Playing FootballRoss Tucker was the guest host on the Dan Patrick Show today, and there was a discussion about youth football. It was focused on concussions, but Ross (who was a journeyman guard in the NFL) asked the Danettes if any of them had regretted not playing organized football.
I did play organized football--once--and there's a story. I've probably told you this before, but after nearly fifteen years, who can even remember?
I was a huge football fan growing up. HUGE. I wanted to play football so bad. In our extremely small town, though, there was no youth football until sixth grade, and that was just a few practices and one game.
No matter. I couldn't wait for sixth grade.
For some reason (I think it was a tight end on the Packers, maybe), I wanted to be a tight end. This was good because every single other kid wanted to be a running back, a wide receiver, or quarterback. So I got my pick of position.
That's good. Other things, though, weren't so good.
For one, I was skinny. Fast, but really, really skinny. So skinny that when I put on my helmet and pads for the first time, it felt like they weighed more than I did.
And hot! You cannot imagine how hot it is in Corpus Christ, Texas, in September, and how humid. Wearing a football helmet and pads made it feel like my body temperature was four thousand degrees.
I could have gotten past all this, though. After all, it was football.
On the first day of practice, the first drill we did was the Nutcracker. That's a drill where two kids face each other about five yards away, with the rest of the team lined up close on each side.
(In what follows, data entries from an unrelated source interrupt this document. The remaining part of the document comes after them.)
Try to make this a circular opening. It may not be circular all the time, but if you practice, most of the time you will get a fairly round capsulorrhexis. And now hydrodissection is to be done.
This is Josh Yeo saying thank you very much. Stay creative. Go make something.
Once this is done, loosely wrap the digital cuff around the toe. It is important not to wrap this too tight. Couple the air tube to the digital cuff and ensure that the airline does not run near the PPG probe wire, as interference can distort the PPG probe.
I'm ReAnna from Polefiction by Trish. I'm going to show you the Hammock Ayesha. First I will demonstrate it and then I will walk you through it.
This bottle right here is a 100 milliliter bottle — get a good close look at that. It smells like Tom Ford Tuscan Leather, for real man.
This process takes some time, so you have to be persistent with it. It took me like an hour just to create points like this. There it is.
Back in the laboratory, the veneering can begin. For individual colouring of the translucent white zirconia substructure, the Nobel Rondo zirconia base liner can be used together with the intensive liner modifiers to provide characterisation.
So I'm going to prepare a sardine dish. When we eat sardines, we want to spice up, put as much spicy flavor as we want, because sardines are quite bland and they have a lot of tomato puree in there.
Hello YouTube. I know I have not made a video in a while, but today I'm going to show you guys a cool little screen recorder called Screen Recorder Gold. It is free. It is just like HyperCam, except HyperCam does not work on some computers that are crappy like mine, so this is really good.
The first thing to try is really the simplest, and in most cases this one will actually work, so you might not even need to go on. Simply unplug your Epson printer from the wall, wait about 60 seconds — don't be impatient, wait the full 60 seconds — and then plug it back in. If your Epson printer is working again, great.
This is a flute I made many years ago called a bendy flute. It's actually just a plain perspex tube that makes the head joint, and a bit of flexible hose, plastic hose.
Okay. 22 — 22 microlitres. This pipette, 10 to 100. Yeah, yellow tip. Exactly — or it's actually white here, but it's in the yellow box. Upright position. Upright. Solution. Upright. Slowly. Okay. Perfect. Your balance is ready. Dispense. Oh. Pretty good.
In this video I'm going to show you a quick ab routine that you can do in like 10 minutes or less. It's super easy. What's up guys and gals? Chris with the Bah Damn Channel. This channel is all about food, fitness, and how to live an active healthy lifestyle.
The objective of the drill? Run into that other kid at top speed and destroy him. Seriously, if you knocked the other kid out the coaches would laugh and pat you on the back.
Good hit, boy. Maybe you've got a future.
So I faced off in the Nutcracker against Mike Hall, who weighed twice what I weighed and was probably five times as strong. I was faster than he was, but when you're in such a small area, speed means nothing. Plus, the express purpose of the drill is to NOT avoid the other player.
I think I might have juked when I ran toward him. Hell, I must have done something. But all I remember is him hitting me in the chest with his helmet at approximately two hundred miles an hour and my entire body disintegrating.
I didn't black out or anything. But there was the kind of pain that comes from an explosive hit. It consumes your body, for at least a few seconds. Your brain is paralyzed.
I'd never been hit like that before. And I knew, immediately, that I never wanted to get hit like that again.
I played through the rest of the practices, and played in the game (where we threw exactly zero passes, so all I did was run block on every play).
It wasn't much fun, really.
After that game, I hung up my helmet for good. Canton never called.